======== DATASET RECORDS

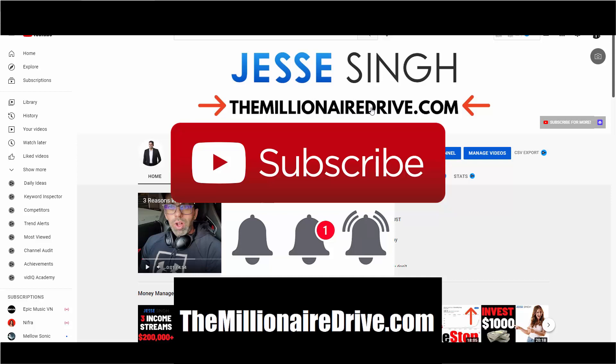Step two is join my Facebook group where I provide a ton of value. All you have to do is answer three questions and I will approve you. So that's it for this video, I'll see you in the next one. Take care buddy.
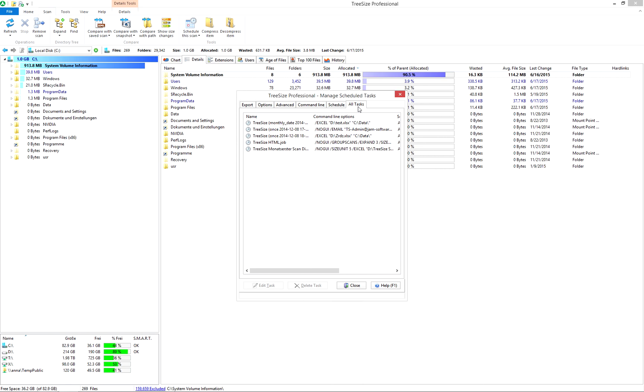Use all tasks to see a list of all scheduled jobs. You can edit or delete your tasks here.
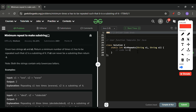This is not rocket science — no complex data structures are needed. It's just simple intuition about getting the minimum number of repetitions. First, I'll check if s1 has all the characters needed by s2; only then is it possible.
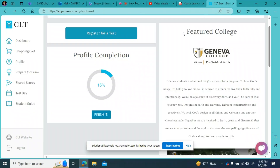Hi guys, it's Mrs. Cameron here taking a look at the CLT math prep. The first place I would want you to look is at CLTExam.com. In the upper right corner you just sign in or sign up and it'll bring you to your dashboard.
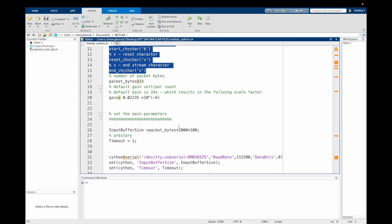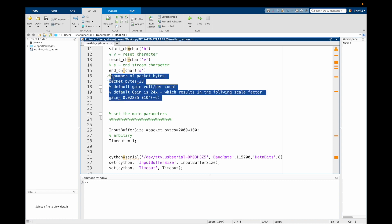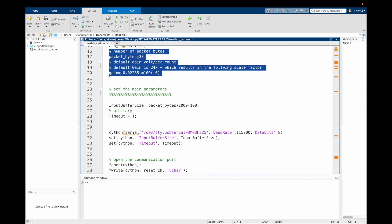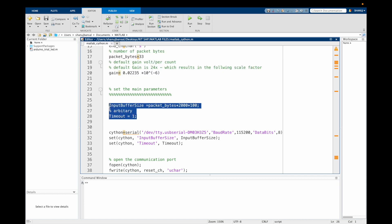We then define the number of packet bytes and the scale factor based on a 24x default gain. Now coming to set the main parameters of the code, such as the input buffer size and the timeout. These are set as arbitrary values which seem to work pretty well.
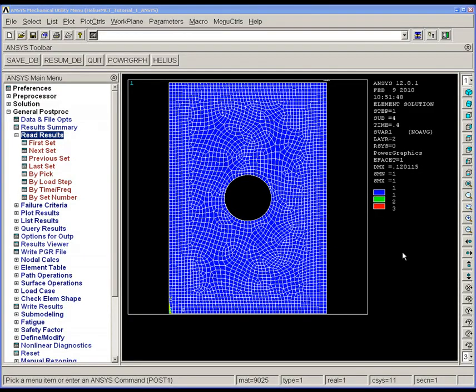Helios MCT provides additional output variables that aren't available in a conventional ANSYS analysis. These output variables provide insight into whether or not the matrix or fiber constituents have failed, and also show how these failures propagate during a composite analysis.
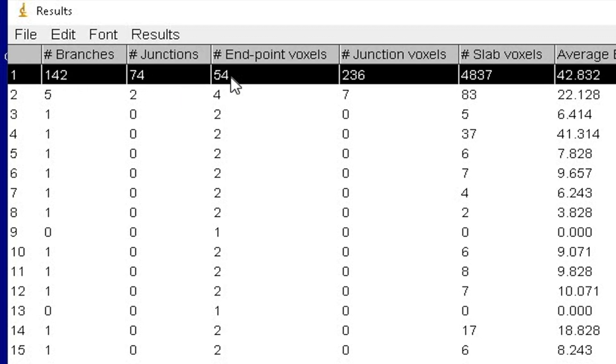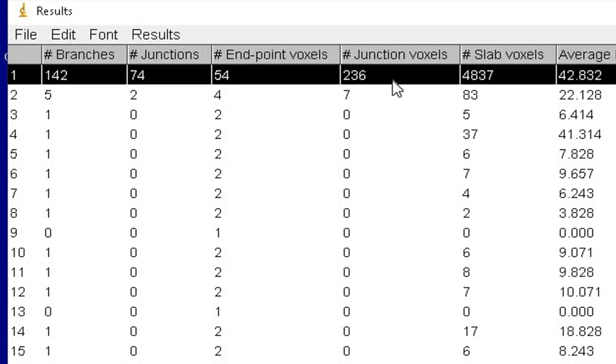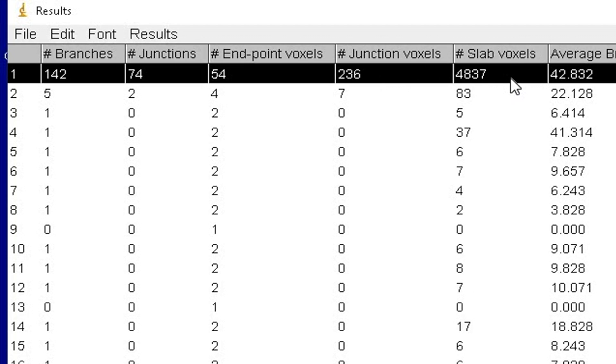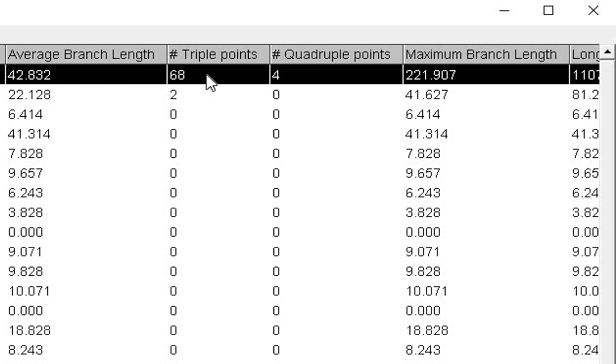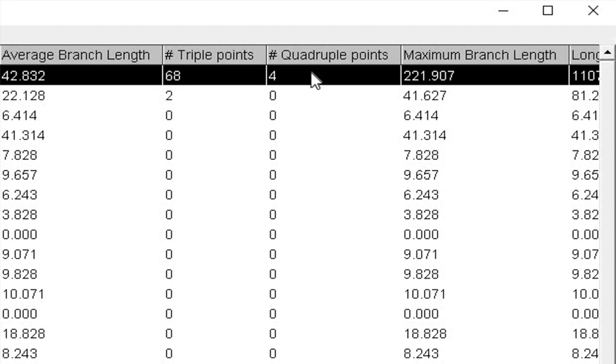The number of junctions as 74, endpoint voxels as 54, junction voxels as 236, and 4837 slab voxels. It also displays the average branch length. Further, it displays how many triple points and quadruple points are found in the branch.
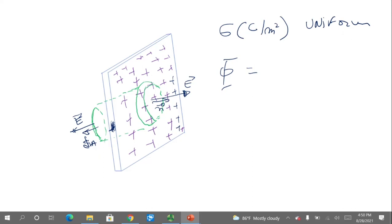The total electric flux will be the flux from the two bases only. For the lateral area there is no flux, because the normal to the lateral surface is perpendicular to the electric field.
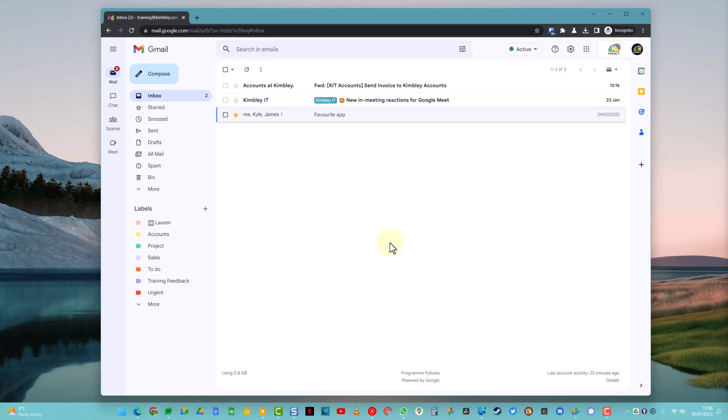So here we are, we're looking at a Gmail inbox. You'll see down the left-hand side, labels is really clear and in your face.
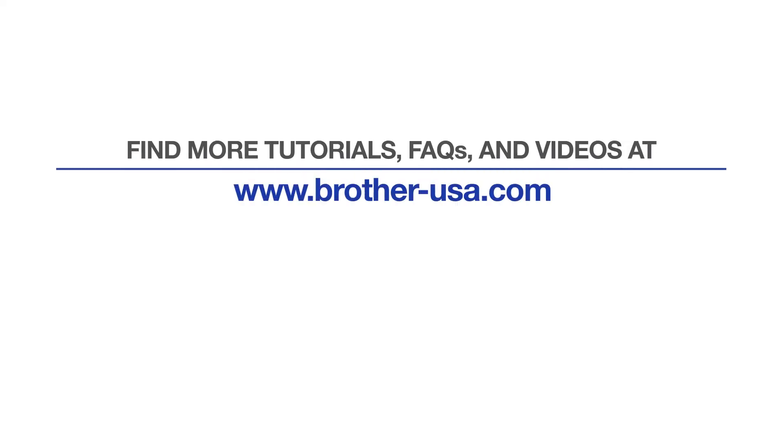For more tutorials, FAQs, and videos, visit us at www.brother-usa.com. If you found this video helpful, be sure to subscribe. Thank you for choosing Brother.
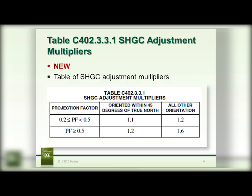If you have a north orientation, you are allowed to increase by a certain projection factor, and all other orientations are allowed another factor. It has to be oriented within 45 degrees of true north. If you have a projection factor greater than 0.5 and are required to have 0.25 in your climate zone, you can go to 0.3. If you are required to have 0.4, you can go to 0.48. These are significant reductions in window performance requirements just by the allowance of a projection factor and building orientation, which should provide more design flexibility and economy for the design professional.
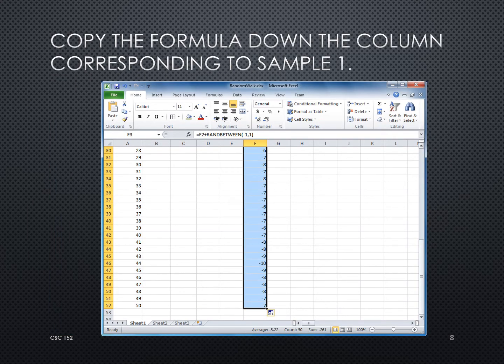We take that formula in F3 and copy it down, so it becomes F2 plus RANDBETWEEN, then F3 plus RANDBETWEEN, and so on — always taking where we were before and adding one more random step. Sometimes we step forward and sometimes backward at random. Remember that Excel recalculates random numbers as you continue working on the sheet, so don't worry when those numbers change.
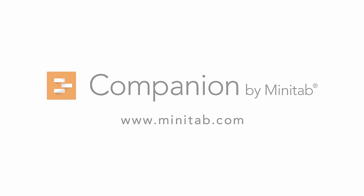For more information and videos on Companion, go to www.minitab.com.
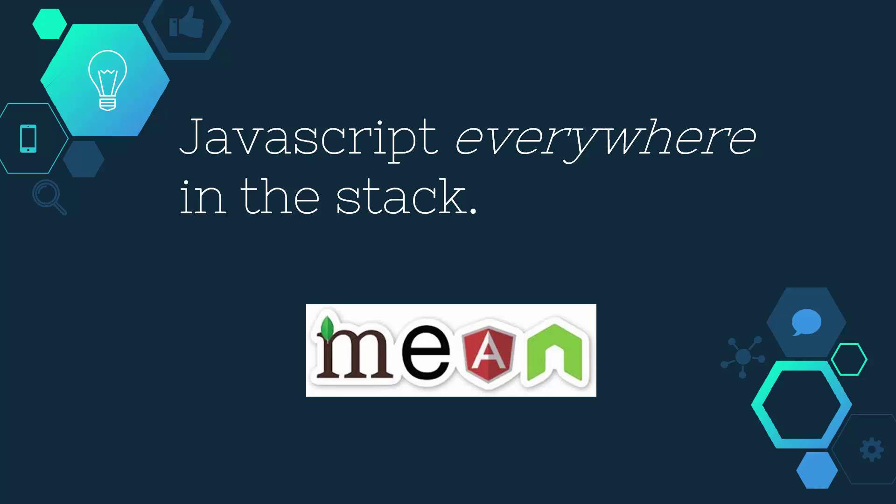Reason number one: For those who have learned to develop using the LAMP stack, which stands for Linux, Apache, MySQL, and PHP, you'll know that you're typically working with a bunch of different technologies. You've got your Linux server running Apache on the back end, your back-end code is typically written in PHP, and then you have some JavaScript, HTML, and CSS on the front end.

================

Keep to the lines above from the line with "The total electric" to the line with "For more tutorials, FAQs, and", and set down exactly those, inclusive, with nothing else and every picture left out.

## RESULT OF THE EXERCISE
The total electric flux will be the flux from the two bases only. For the lateral area there is no flux, because the normal to the lateral surface is perpendicular to the electric field.
So here we are, we're looking at a Gmail inbox. You'll see down the left-hand side, labels is really clear and in your face.
For more tutorials, FAQs, and videos, visit us at www.brother-usa.com. If you found this video helpful, be sure to subscribe. Thank you for choosing Brother.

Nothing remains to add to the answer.